YOUR INSTRUCTIONS —
Your copy should match the records exactly, except that it contains no pictures.

*** DATA TO PROCESS

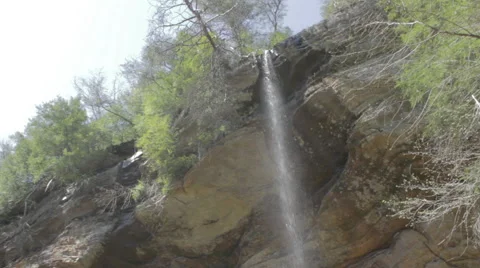 Pan of Waterfall From a Cliff Stock Footage 62514560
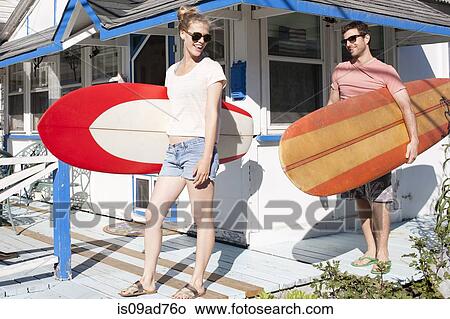 Couple on patio carrying surfboards, Breezy Point, Queens, New York, USA View Large Photo Image Picture - Couple on patio carrying surfboards, Breezy Point, Queens, New York, USA. Fotosearch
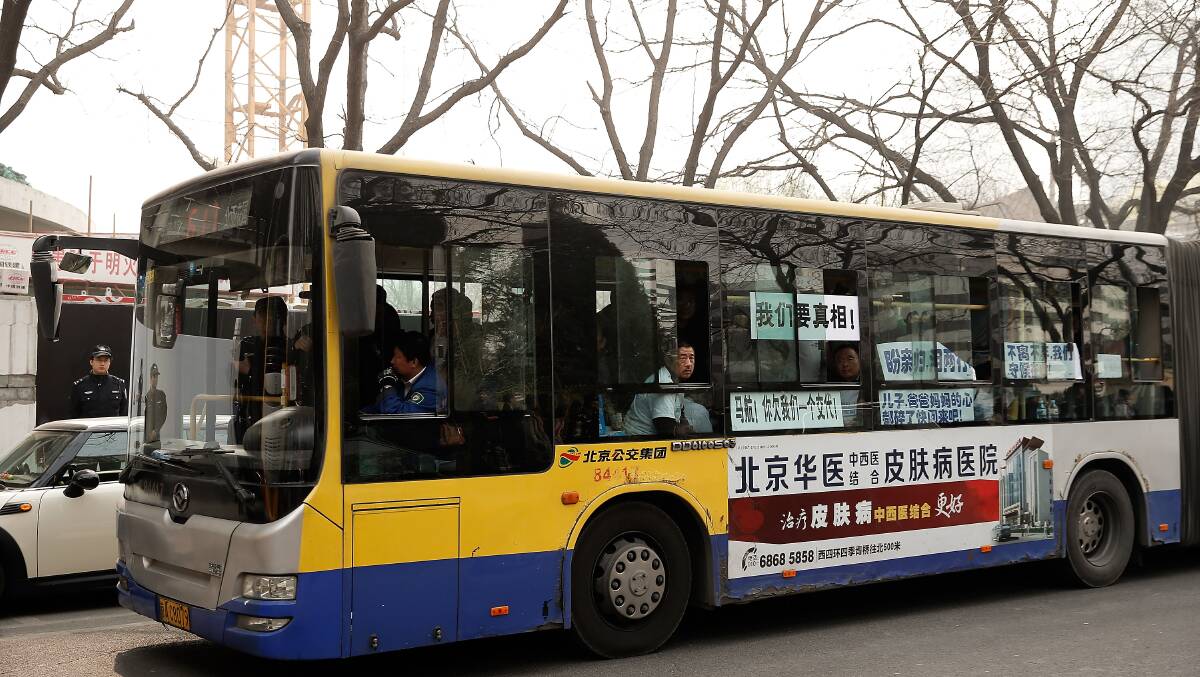 Chinese relatives of the flight MH370 sitting on the bus waiting to go to Malaysia embassy in protest on March 25, 2014 in Beijing, China. Hundreds of protesters, including many relatives of missing flight MH370 passengers, marched on the Malaysian Embassy in Beijing demanding answers from Malaysian authorities about the fate of the flight. Picture: Getty
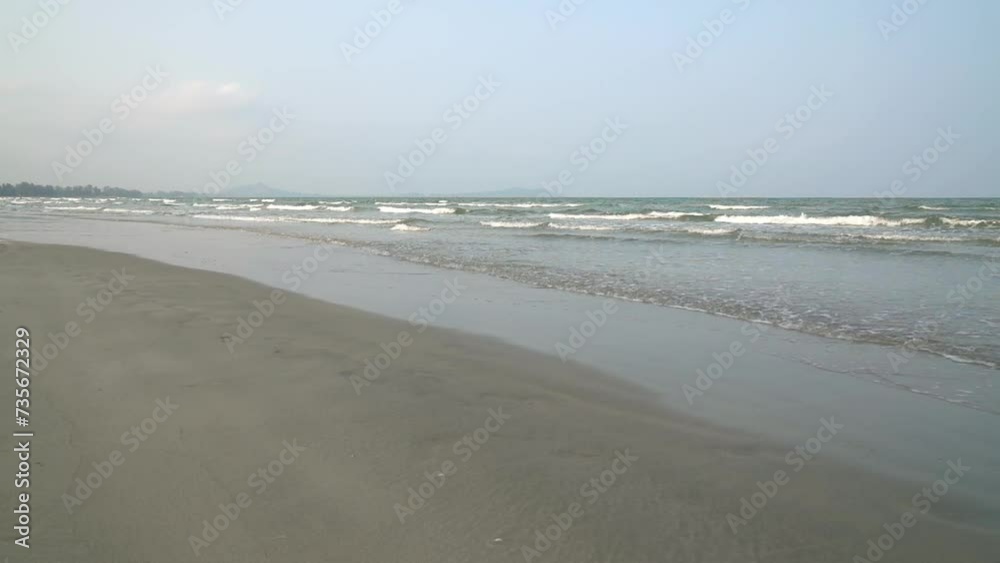 Landscape view of sea waves slowly rolling towards sandy beach. Slow motion. Landscape view of sea waves slowly rolling towards sandy beach. Slow motion.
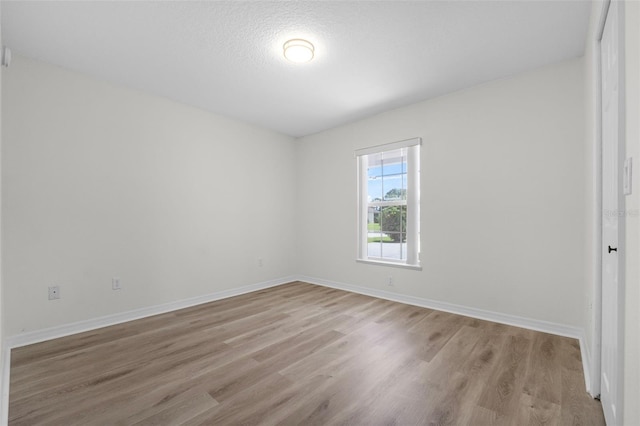 empty room with a textured ceiling and light hardwood / wood-style flooring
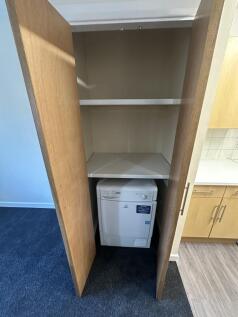 A tidy small storage area featuring a washing m...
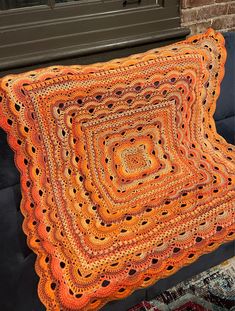 an orange crocheted blanket sitting on top of a black bench next to a window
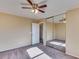 This bedroom features neutral walls, carpet flooring, a ceiling fan, and a mirrored sliding door closet at 17025 W Rimrock St, Surprise, AZ 85388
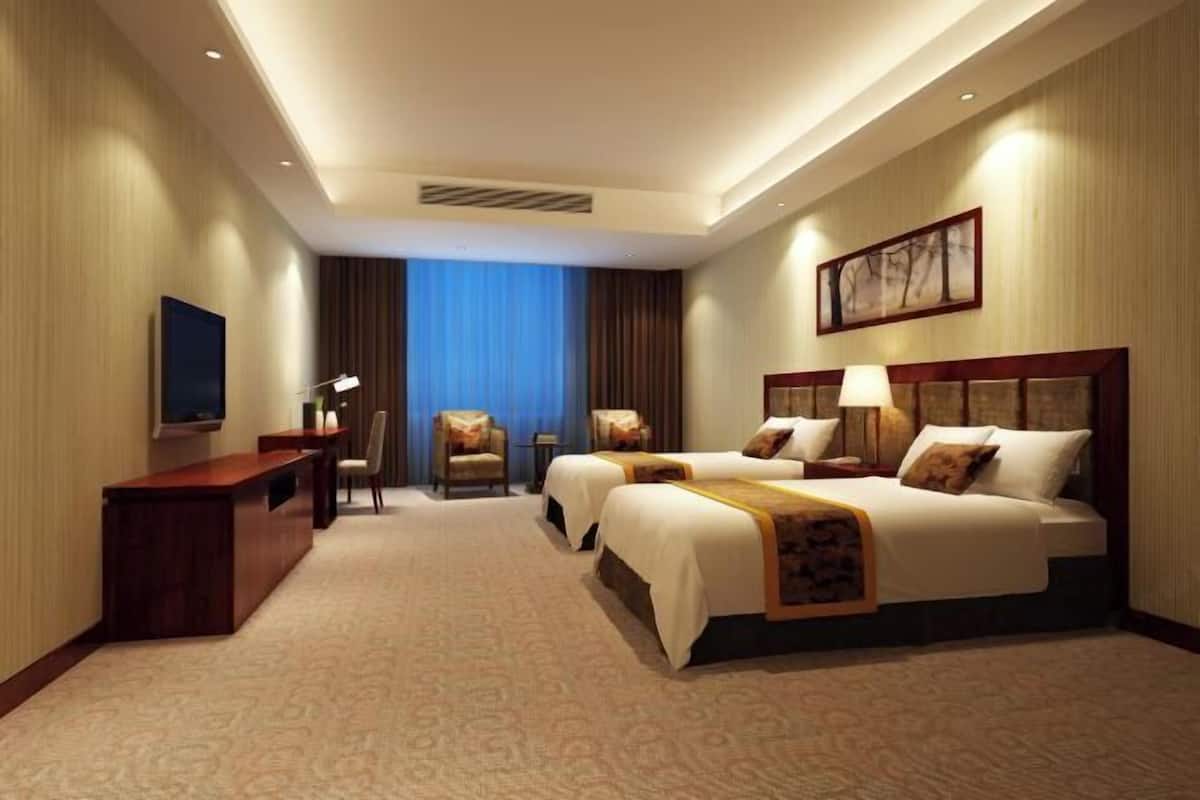 A hotel room with a large bed, a desk, a chair, a TV, and a window with curtains.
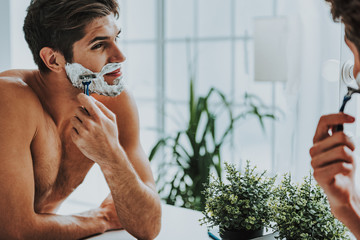 Smiling guy shaving his beard by razor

******

RESPONSE BOX —
 Pan of Waterfall From a Cliff Stock Footage 62514560
 Couple on patio carrying surfboards, Breezy Point, Queens, New York, USA View Large Photo Image Picture - Couple on patio carrying surfboards, Breezy Point, Queens, New York, USA. Fotosearch
 Chinese relatives of the flight MH370 sitting on the bus waiting to go to Malaysia embassy in protest on March 25, 2014 in Beijing, China. Hundreds of protesters, including many relatives of missing flight MH370 passengers, marched on the Malaysian Embassy in Beijing demanding answers from Malaysian authorities about the fate of the flight. Picture: Getty
 Landscape view of sea waves slowly rolling towards sandy beach. Slow motion. Landscape view of sea waves slowly rolling towards sandy beach. Slow motion.
 empty room with a textured ceiling and light hardwood / wood-style flooring
 A tidy small storage area featuring a washing m...
 an orange crocheted blanket sitting on top of a black bench next to a window
 This bedroom features neutral walls, carpet flooring, a ceiling fan, and a mirrored sliding door closet at 17025 W Rimrock St, Surprise, AZ 85388
 A hotel room with a large bed, a desk, a chair, a TV, and a window with curtains.
 Smiling guy shaving his beard by razor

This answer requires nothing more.